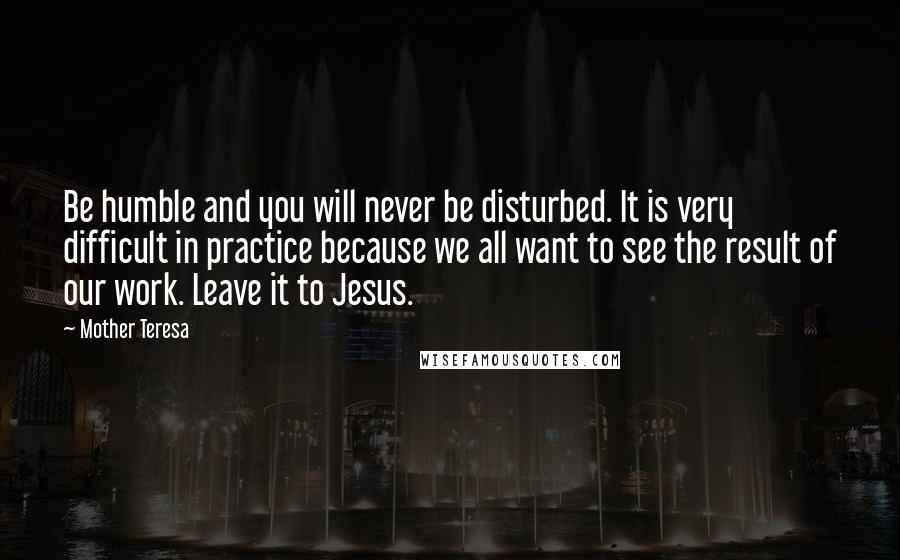 Mother Teresa Quotes: Be humble and you will never be disturbed. It is very difficult in practice because we all want to see the result of our work. Leave it to Jesus.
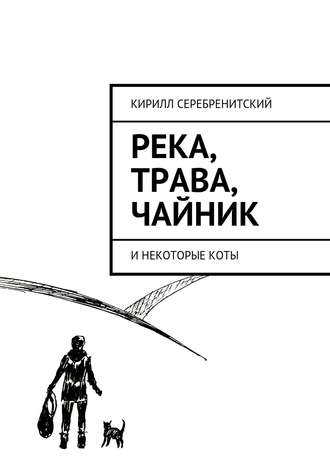 Кирилл Серебренитский. Река, трава, чайник и некоторые коты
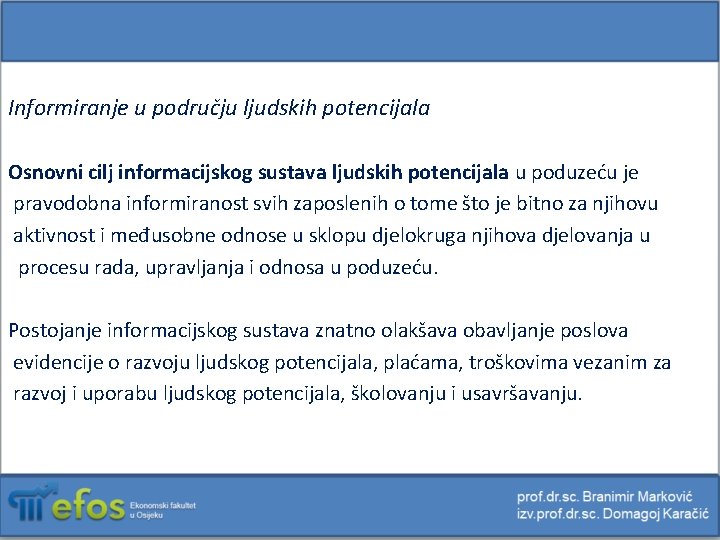 Informiranje u području ljudskih potencijala Osnovni cilj informacijskog sustava ljudskih potencijala u poduzeću je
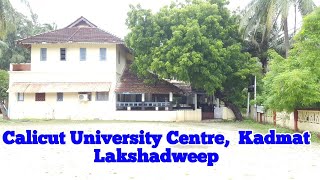 Calicut University Centre/കാലിക്കറ്റ്‌ യൂണിവേഴ്സിറ്റി സെന്റർ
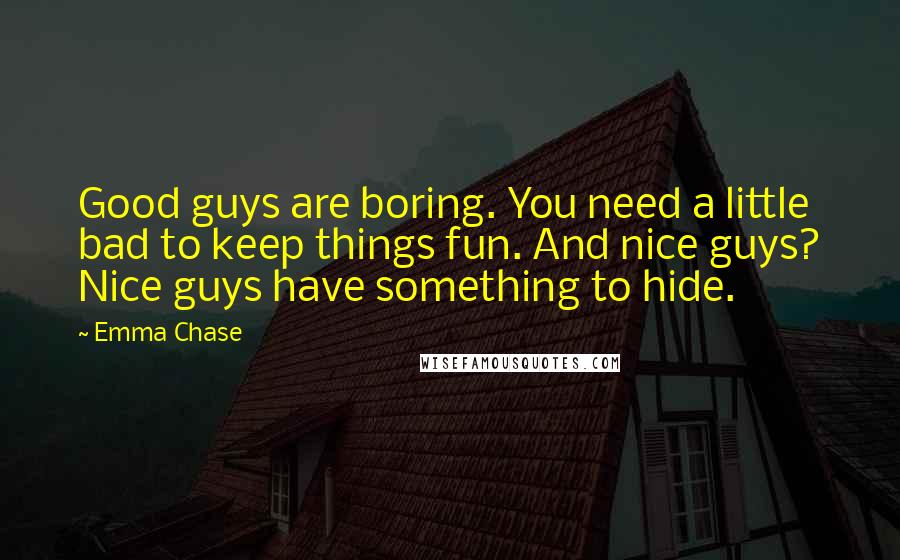 Emma Chase Quotes: Good guys are boring. You need a little bad to keep things fun. And nice guys? Nice guys have something to hide.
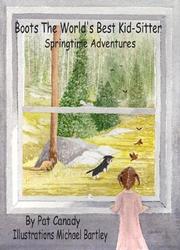 Cover of Boots The World's Best Kid-sitter, Springtime Adventures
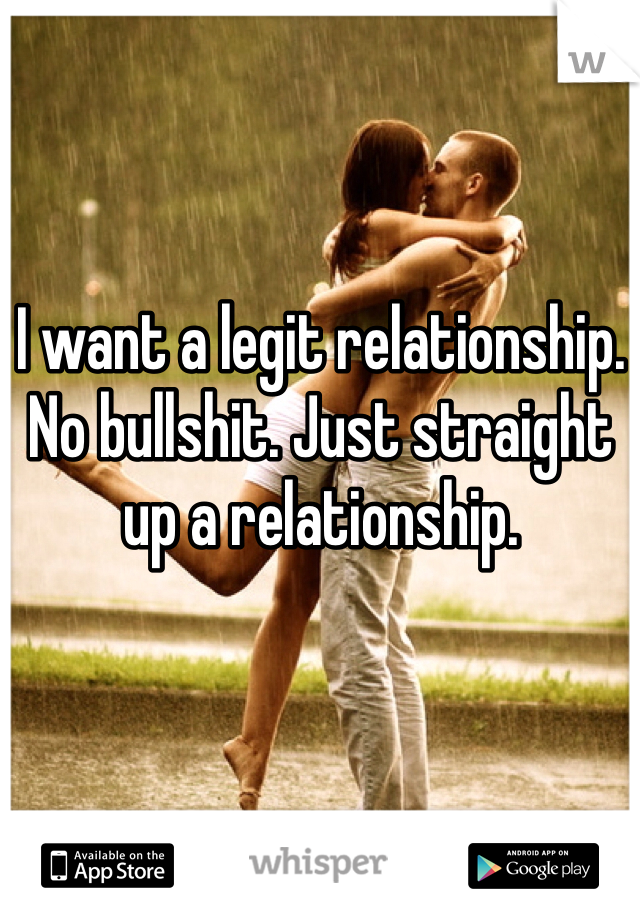 I want a legit relationship. No bullshit. Just straight up a relationship. 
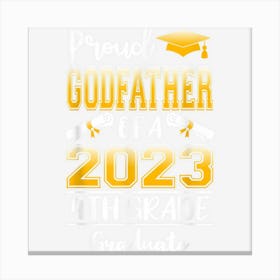 Funny Proud Godfather Of A Class Of 2023 4th Grade Graduate Canvas Print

========

** Exercise prompt **
The listing above must be retyped word for word, without the pictures.

** Completed task **
 Mother Teresa Quotes: Be humble and you will never be disturbed. It is very difficult in practice because we all want to see the result of our work. Leave it to Jesus.
 Кирилл Серебренитский. Река, трава, чайник и некоторые коты
 Informiranje u području ljudskih potencijala Osnovni cilj informacijskog sustava ljudskih potencijala u poduzeću je
 Calicut University Centre/കാലിക്കറ്റ്‌ യൂണിവേഴ്സിറ്റി സെന്റർ
 Emma Chase Quotes: Good guys are boring. You need a little bad to keep things fun. And nice guys? Nice guys have something to hide.
 Cover of Boots The World's Best Kid-sitter, Springtime Adventures
 I want a legit relationship. No bullshit. Just straight up a relationship. 
 Funny Proud Godfather Of A Class Of 2023 4th Grade Graduate Canvas Print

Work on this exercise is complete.